28/09/2015 12:22 BST | Updated 26/09/2016 06:12 BST

No More Worries - 4 Stars


I've long extolled the merits of spoken word and Simon Mole has previous for pushing, twisting and manipulating the boundaries of the art form.

His latest spoken word theatre piece, No More Worries, sees Simon Mole collaborate with Peader Kirk to tell the story of two unlikely travel companions, Kieran and Paul, travelling across austerity Britain, as both deal with their own respective traumas. It's a much more ambitious project than Mole's previous play, the excellent Indiana Jones & The Extra Chair, but on this evidence Mole is more than up to the challenge.

Kieran is a man trapped somewhere between his past and his future, keen to escape his current situation and his dead end town but plans to tour around the world seem fanciful at best. Until he meets Paul, a mysterious man in his 50s and Olive (his VW camper van) who open Kieran's eyes to more modest travelling ambitions than the caipirinhas of Rio but nonetheless as eye-opening.

The show is littered with frequent references to Kerouac and the comparisons are never more prescient than when describing the excess and euphoria of a wild night. Combined with the clever use of lighting and sound, Mole's eloquent words seem to flow and find a rhythm similar to some of the most famous passages of Kerouac's seminal novel, On The Road. Not dissimilar to Kerouac's work, the play also touches on the destructive nature of sentimentality and travelling as a form of escapism.

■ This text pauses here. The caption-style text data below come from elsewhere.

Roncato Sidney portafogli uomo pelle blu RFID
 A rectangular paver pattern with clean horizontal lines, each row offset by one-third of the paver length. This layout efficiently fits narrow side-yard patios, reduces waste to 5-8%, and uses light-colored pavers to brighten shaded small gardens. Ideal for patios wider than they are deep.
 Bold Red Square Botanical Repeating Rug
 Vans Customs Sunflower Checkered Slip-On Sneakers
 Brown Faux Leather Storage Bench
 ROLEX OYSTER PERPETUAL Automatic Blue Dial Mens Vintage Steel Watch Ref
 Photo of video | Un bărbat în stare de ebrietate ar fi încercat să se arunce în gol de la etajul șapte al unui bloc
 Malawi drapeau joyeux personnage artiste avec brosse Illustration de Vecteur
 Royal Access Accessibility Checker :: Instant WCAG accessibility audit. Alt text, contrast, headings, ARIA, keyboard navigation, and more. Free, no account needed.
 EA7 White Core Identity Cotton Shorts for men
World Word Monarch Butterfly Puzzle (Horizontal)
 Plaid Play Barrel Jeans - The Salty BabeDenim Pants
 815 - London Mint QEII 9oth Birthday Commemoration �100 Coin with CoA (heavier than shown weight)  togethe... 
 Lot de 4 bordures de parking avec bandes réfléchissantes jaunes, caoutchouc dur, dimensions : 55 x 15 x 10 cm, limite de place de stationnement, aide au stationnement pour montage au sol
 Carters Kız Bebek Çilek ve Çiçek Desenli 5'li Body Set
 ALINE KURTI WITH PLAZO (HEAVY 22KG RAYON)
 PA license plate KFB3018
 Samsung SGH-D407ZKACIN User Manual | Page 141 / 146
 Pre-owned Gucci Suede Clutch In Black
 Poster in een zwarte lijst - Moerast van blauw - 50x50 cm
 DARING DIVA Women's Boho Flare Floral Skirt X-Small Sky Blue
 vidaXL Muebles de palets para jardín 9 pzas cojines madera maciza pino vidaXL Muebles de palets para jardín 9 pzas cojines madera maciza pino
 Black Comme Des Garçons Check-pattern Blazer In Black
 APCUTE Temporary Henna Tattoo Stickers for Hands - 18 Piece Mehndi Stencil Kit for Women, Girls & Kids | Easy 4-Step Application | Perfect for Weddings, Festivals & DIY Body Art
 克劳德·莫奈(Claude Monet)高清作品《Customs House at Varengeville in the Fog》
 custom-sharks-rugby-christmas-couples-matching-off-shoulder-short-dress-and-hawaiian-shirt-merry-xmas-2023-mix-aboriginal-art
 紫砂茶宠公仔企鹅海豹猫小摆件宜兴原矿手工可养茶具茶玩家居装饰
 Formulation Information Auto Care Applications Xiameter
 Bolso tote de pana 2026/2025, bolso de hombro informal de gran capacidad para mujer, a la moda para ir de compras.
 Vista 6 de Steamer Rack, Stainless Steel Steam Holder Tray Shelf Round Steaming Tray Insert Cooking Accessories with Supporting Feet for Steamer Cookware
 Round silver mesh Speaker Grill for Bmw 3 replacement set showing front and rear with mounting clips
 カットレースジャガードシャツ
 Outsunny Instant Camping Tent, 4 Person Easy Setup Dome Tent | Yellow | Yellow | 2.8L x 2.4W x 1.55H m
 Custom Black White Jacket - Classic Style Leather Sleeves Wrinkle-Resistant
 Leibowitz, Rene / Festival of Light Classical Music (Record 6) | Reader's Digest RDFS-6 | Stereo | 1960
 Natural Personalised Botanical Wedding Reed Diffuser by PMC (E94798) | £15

A few technical cues were ever so slightly late and the odd decision to not sit in the VW chairs when describing life in the VW van was jarring and pulled you out of the narrative for a moment. But those minor quibbles aside, Mole was on top form, punctuating the mounting melancholy and tension with well timed and impeccably observed humour. Once again, he's proven himself to be an engaging presence on the stage and a gifted writer off it.